=== Section Start ===

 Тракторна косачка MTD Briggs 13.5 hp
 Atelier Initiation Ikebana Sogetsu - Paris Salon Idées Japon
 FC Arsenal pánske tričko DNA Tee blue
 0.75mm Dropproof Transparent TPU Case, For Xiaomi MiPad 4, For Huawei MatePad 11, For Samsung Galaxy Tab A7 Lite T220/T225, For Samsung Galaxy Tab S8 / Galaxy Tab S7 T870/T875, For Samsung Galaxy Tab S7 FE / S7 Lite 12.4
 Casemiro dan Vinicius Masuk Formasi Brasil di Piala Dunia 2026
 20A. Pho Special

=== Section End ===
=== Section Start ===

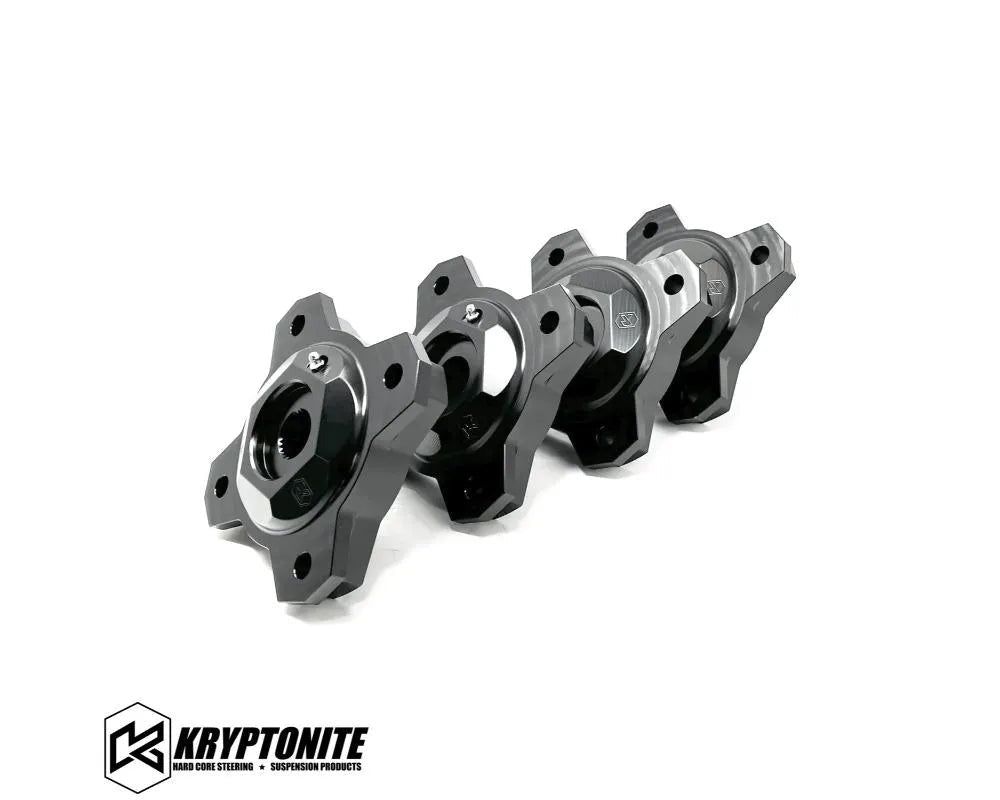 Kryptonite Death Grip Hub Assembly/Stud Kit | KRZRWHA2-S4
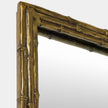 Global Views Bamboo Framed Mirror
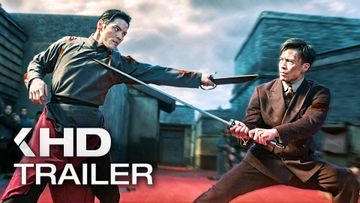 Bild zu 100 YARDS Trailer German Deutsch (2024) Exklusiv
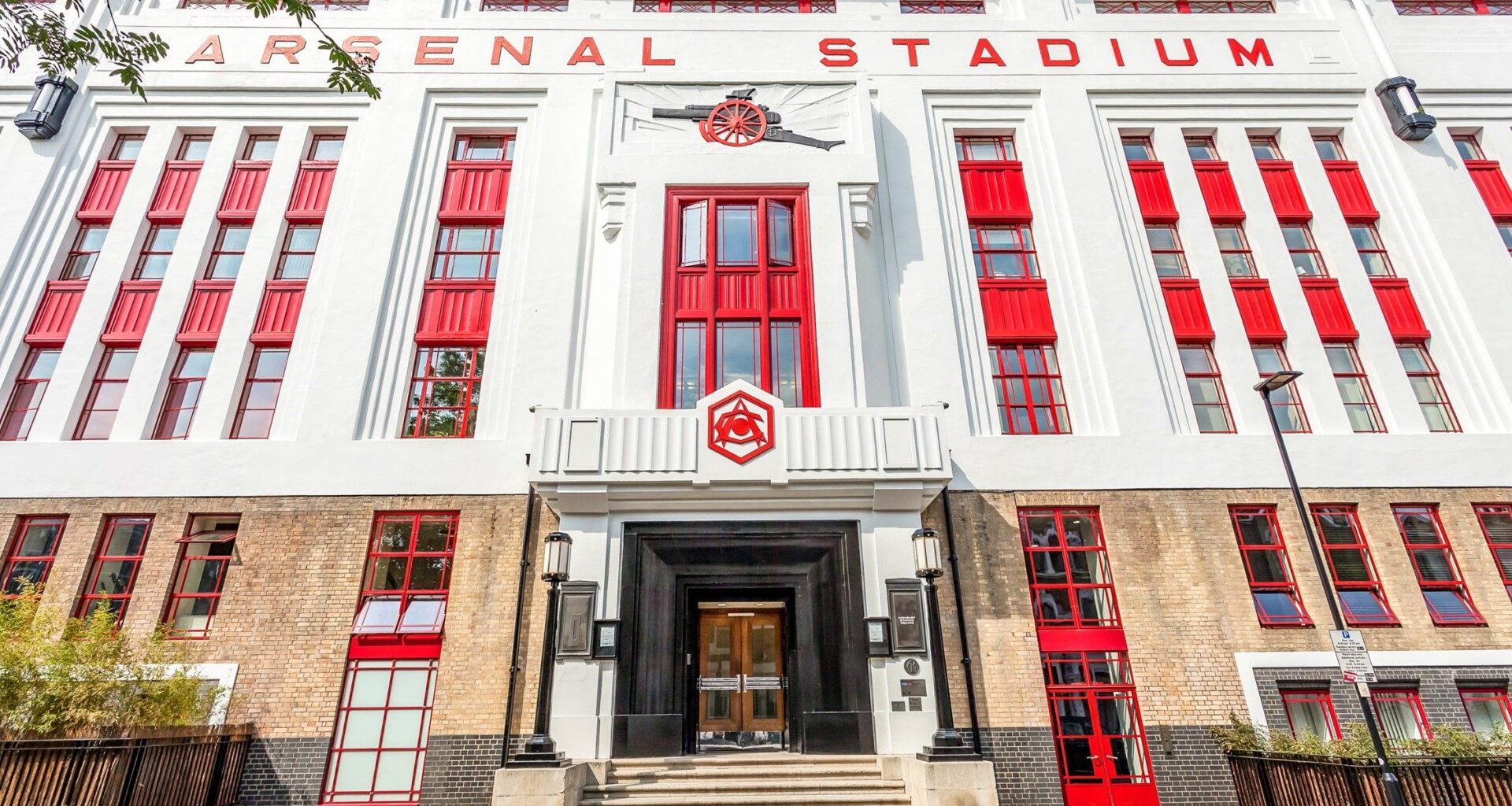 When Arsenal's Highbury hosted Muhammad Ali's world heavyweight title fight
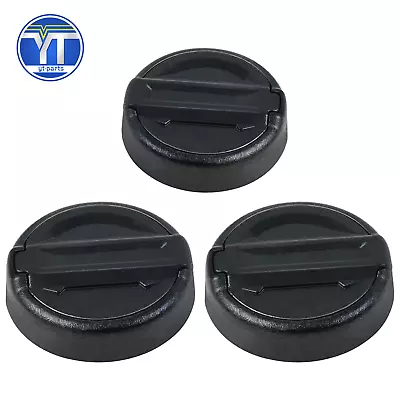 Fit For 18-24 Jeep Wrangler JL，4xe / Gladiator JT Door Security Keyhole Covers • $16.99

=== Section End ===

**Problem requirements:** From the records above, quote only the lines running from the line with "Тракторна косачка MTD Briggs 13.5 hp" to the line with "20A. Pho Special", both lines included.

**Output for this task:**
 Тракторна косачка MTD Briggs 13.5 hp
 Atelier Initiation Ikebana Sogetsu - Paris Salon Idées Japon
 FC Arsenal pánske tričko DNA Tee blue
 0.75mm Dropproof Transparent TPU Case, For Xiaomi MiPad 4, For Huawei MatePad 11, For Samsung Galaxy Tab A7 Lite T220/T225, For Samsung Galaxy Tab S8 / Galaxy Tab S7 T870/T875, For Samsung Galaxy Tab S7 FE / S7 Lite 12.4
 Casemiro dan Vinicius Masuk Formasi Brasil di Piala Dunia 2026
 20A. Pho Special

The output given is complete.